What to produce:
Please set down only the lines running from the one with "This subtype is" through the last line of the entries, exactly as written and without any pictures.

Entries supplied:
##############################
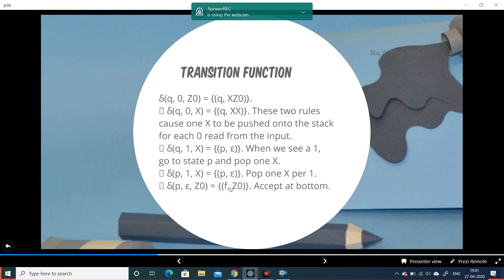The transition function is not given to us — what is given is the input: equal number of zeros followed by equal number of ones. The design principle is: to count zeros, we push a symbol X into the stack; to count ones, we pop that symbol from the stack by changing state. This is how we design the transition function.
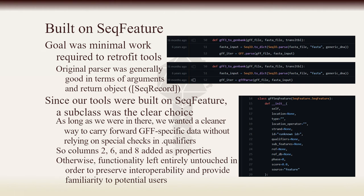To accomplish this, we extended SeqFeature as the GFF SeqFeature class. The changes are minimal, as we generally want all SeqFeature functionality to remain intact to preserve compatibility with other records read in by SeqIO. The primary difference is the restoration of the deprecated sub-features property, which allowed us to keep our lab's workflows intact. Additionally, we've moved the phase, score, and source fields from the GFF spec directly to object properties in order to help preserve these fields between Galaxy jobs without cluttering up the qualifiers field. Otherwise, it's the same SeqFeature as ever.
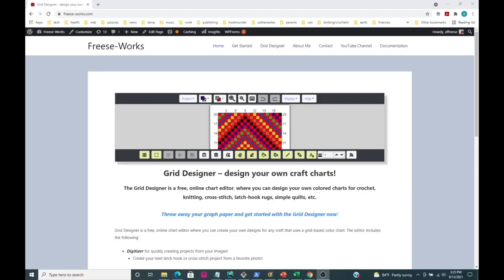Hi everyone, my name is Agnes Friese and I am the creator of an online tool called the Grid Designer. The Grid Designer is used to create color charts for multiple crafts, including cross stitch, latch hook, crochet, knitting, corner to corner crochet, and pretty much any kind of craft where you would need to create a grid-based color chart.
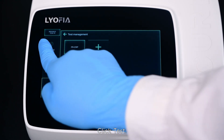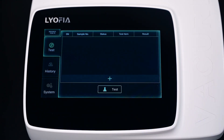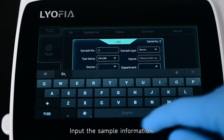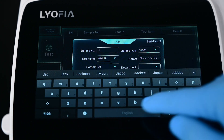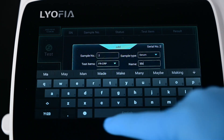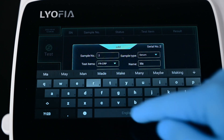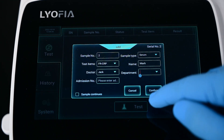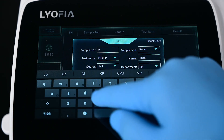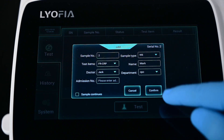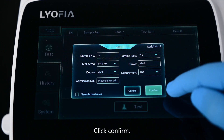Click Test. Click the plus button, click plus again, and input the sample information. Click Confirm.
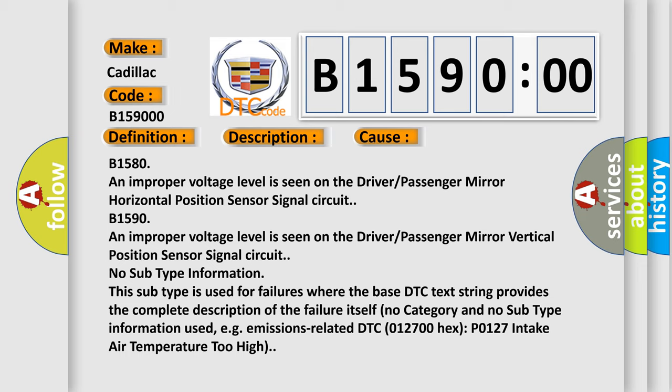This subtype is used for failures where the base DTC text string provides the complete description of the failure itself. No category and no subtype information used, e.g. emissions related DTC 012700 hex P0127 intake air temperature too high.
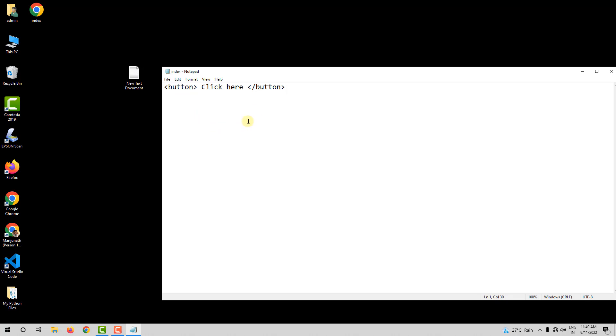So, this is the basic concept of HTML. And as you see, it is enough if we have notepad to create a website. That's it for this introduction video.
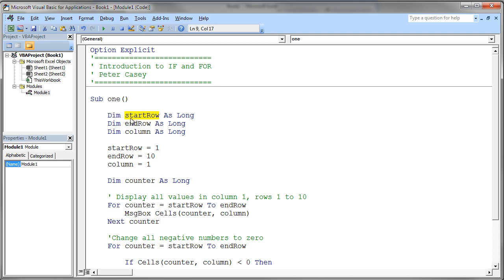You normally start with a letter, and if you have multiple words, use upper case for each subsequent word in your variable name, but do start with a lower case letter. I have an endRow variable here, which allows me to specify what is the ending row that I want to process on my spreadsheet. And finally, I have a column variable, which allows me to specify which column I want to process on my worksheet. In this case, my startRow value is assigned to 1, my endRow value is 10, and my column number is column 1.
##############################
Finished task:
This subtype is used for failures where the base DTC text string provides the complete description of the failure itself. No category and no subtype information used, e.g. emissions related DTC 012700 hex P0127 intake air temperature too high.
So, this is the basic concept of HTML. And as you see, it is enough if we have notepad to create a website. That's it for this introduction video.
You normally start with a letter, and if you have multiple words, use upper case for each subsequent word in your variable name, but do start with a lower case letter. I have an endRow variable here, which allows me to specify what is the ending row that I want to process on my spreadsheet. And finally, I have a column variable, which allows me to specify which column I want to process on my worksheet. In this case, my startRow value is assigned to 1, my endRow value is 10, and my column number is column 1.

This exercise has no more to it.